BEGIN RECORDED INFORMATION

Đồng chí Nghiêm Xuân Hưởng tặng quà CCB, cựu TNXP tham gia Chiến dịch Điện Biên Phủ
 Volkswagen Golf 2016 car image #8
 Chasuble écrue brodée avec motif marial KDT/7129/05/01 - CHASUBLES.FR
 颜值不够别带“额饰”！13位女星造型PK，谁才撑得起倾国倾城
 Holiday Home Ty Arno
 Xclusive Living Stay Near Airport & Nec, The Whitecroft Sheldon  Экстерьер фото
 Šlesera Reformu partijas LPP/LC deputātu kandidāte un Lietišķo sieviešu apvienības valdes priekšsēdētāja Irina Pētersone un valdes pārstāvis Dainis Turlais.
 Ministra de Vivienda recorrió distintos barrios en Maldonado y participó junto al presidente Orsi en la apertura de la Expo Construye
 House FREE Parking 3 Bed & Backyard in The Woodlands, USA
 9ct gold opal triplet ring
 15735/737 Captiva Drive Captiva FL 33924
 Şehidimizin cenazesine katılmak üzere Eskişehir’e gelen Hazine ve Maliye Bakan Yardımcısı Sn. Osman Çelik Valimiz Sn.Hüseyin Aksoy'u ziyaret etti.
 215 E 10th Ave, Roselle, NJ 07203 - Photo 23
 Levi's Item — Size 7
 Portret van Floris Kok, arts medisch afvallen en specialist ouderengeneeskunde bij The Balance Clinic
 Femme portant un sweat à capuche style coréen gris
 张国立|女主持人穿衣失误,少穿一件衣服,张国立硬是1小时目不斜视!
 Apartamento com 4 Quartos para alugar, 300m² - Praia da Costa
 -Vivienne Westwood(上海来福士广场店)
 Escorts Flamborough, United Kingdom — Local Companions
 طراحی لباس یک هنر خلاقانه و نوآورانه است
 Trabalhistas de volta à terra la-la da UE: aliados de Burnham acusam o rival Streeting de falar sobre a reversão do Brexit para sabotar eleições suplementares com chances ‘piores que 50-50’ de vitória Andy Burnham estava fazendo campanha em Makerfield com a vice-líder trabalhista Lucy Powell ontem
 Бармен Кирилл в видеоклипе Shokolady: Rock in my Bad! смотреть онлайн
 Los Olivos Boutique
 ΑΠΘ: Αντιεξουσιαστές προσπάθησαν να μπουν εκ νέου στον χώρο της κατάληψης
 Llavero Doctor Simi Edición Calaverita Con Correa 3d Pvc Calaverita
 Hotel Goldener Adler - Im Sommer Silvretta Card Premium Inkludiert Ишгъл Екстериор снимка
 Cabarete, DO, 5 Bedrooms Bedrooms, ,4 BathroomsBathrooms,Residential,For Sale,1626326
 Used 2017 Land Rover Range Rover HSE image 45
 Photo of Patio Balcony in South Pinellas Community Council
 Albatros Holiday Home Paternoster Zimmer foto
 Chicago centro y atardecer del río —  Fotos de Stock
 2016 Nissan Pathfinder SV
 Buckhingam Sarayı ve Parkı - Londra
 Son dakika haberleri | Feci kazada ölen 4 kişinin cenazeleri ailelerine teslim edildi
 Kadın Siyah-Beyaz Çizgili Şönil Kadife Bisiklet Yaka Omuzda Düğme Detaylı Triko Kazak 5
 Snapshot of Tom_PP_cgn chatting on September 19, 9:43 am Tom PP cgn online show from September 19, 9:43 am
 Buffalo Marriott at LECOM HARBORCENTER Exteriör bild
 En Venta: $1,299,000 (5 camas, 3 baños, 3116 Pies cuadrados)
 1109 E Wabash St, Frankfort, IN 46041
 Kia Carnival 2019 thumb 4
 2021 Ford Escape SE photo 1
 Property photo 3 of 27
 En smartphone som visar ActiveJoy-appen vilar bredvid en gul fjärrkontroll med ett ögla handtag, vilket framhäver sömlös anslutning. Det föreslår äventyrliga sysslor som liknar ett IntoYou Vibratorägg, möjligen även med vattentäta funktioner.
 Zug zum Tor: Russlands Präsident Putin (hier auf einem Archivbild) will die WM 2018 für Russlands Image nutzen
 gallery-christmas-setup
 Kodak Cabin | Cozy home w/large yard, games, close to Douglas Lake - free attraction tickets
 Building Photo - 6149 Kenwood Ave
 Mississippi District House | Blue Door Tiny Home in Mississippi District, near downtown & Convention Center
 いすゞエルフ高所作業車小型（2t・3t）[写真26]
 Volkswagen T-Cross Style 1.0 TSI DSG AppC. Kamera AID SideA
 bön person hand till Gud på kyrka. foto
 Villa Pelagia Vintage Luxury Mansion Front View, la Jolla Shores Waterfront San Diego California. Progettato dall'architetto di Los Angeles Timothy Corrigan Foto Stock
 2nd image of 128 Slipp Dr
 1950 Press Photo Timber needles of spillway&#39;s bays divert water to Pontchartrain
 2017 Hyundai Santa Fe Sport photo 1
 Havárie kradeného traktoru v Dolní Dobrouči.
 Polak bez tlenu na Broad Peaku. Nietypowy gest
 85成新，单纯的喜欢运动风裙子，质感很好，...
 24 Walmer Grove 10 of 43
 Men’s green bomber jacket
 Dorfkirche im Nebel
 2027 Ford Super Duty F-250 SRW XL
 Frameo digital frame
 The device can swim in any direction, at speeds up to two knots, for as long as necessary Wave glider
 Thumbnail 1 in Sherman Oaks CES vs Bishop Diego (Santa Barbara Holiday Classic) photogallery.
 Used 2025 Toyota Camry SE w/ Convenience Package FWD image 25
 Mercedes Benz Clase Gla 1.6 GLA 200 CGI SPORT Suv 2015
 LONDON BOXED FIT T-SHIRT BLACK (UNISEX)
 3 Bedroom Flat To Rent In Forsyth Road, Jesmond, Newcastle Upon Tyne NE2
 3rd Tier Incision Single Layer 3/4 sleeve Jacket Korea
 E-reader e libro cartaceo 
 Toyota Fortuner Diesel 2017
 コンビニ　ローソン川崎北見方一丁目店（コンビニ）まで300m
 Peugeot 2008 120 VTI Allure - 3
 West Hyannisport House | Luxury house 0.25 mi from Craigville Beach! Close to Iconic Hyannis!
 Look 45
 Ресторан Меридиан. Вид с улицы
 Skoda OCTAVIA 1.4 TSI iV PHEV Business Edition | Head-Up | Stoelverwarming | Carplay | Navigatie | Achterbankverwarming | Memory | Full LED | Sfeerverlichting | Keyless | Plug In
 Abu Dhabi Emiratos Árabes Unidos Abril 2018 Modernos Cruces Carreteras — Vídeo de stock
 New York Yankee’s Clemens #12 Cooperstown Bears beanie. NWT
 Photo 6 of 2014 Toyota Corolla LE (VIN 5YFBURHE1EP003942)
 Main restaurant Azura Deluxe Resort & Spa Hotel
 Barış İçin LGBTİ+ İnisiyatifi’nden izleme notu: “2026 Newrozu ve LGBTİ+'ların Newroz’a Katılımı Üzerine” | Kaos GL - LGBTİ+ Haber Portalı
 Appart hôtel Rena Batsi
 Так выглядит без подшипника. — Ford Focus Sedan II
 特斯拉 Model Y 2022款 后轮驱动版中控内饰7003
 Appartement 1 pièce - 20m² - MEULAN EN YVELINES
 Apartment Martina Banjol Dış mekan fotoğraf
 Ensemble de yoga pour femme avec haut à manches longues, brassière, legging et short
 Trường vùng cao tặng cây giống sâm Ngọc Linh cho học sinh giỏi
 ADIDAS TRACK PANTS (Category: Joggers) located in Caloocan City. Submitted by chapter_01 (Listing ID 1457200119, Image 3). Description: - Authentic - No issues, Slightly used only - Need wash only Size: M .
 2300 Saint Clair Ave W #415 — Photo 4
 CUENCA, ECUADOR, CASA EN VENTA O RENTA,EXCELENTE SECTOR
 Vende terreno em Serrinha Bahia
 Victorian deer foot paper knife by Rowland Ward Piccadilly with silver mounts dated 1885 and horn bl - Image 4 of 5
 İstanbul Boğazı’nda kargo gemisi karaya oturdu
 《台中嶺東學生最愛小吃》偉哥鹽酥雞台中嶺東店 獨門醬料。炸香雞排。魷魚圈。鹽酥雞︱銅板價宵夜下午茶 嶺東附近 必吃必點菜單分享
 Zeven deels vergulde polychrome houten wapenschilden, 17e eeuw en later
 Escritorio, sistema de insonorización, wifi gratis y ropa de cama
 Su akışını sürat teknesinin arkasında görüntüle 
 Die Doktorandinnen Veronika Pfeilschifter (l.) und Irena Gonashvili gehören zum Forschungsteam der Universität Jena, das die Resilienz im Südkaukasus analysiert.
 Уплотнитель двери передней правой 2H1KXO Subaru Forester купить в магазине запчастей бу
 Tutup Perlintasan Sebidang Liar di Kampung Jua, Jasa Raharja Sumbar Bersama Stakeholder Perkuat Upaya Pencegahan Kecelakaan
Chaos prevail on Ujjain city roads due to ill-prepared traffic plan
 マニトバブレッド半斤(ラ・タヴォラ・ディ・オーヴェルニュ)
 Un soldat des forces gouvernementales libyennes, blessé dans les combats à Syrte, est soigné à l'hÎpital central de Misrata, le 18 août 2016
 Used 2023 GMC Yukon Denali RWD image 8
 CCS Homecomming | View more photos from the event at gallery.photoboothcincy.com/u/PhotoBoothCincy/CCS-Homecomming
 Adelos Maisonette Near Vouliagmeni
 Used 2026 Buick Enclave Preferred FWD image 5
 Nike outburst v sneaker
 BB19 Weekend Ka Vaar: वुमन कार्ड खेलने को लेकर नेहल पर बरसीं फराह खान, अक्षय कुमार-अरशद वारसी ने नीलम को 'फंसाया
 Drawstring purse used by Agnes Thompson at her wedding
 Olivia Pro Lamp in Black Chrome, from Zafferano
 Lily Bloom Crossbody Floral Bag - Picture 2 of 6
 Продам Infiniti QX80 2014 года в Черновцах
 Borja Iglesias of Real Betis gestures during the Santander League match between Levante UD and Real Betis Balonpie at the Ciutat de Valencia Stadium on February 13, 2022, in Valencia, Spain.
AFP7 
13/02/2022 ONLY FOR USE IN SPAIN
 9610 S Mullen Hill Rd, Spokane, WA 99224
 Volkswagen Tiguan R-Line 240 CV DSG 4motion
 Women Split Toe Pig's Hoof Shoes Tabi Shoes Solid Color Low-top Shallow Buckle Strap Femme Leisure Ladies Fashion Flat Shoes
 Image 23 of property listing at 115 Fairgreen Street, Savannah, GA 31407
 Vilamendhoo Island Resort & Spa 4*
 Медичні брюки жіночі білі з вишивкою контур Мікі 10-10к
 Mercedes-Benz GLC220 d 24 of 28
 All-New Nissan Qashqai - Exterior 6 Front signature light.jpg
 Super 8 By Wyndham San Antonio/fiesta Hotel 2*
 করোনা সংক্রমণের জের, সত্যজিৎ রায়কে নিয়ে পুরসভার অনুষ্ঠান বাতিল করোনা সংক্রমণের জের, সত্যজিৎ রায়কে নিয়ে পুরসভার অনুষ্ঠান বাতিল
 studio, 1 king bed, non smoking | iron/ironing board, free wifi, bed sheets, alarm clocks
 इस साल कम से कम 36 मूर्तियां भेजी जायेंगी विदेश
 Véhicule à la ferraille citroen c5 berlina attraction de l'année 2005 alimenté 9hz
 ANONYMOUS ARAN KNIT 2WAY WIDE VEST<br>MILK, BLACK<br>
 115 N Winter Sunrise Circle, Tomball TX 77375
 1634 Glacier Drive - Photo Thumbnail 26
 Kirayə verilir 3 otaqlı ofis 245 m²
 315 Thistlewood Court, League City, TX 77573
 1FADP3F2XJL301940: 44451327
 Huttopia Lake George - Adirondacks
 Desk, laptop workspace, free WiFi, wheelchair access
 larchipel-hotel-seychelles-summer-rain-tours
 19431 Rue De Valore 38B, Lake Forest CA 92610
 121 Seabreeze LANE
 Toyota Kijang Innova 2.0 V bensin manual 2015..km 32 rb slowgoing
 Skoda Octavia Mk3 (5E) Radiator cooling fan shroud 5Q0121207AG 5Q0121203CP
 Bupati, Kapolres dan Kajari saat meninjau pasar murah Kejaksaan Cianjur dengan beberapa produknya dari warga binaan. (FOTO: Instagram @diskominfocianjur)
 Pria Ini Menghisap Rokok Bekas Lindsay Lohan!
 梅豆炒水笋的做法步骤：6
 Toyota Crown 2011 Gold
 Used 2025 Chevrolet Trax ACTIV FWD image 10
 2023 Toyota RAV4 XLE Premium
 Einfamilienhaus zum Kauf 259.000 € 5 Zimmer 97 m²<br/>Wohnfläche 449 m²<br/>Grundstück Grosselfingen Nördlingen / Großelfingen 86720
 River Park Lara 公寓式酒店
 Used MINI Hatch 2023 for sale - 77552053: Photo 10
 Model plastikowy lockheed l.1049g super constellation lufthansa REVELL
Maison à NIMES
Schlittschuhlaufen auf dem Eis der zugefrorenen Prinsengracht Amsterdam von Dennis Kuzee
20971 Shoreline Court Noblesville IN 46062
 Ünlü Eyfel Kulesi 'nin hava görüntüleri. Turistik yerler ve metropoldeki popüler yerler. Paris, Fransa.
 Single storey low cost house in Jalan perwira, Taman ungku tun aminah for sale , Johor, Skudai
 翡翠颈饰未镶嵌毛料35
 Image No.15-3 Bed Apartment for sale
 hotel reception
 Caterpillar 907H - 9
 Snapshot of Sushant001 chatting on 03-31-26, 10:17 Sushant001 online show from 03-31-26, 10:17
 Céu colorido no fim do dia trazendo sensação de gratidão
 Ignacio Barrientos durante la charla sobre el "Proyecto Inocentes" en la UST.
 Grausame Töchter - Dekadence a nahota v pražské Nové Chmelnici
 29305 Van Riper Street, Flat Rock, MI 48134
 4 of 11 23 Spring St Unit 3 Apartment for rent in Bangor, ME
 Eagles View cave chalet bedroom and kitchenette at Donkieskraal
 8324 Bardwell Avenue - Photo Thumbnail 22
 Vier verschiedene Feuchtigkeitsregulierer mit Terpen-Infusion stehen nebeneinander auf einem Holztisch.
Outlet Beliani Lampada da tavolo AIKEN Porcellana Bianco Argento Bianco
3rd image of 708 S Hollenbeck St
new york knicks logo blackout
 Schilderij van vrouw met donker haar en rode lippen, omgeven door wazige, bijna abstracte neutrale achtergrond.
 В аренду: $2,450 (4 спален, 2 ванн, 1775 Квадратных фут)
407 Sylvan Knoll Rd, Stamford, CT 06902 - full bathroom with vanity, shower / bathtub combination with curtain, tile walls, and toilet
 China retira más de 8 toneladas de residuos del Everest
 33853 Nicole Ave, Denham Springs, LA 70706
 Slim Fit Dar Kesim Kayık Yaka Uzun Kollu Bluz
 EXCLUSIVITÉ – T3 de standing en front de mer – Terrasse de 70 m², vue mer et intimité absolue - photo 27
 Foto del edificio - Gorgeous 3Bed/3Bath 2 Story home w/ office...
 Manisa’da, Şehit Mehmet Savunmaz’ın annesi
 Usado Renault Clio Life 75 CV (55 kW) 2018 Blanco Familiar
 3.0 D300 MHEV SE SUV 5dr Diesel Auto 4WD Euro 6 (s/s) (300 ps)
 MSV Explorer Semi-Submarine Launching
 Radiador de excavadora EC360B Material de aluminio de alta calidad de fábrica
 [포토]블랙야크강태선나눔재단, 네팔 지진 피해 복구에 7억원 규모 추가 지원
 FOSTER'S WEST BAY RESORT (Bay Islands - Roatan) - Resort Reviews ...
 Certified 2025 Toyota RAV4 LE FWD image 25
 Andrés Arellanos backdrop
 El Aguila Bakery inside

END RECORDED INFORMATION

PROBLEM DETAILS
Begin at the first line of the records above and restate each line word for word, stopping after the line with "Xclusive Living Stay".

EXERCISE RESULT
Đồng chí Nghiêm Xuân Hưởng tặng quà CCB, cựu TNXP tham gia Chiến dịch Điện Biên Phủ
 Volkswagen Golf 2016 car image #8
 Chasuble écrue brodée avec motif marial KDT/7129/05/01 - CHASUBLES.FR
 颜值不够别带“额饰”！13位女星造型PK，谁才撑得起倾国倾城
 Holiday Home Ty Arno
 Xclusive Living Stay Near Airport & Nec, The Whitecroft Sheldon  Экстерьер фото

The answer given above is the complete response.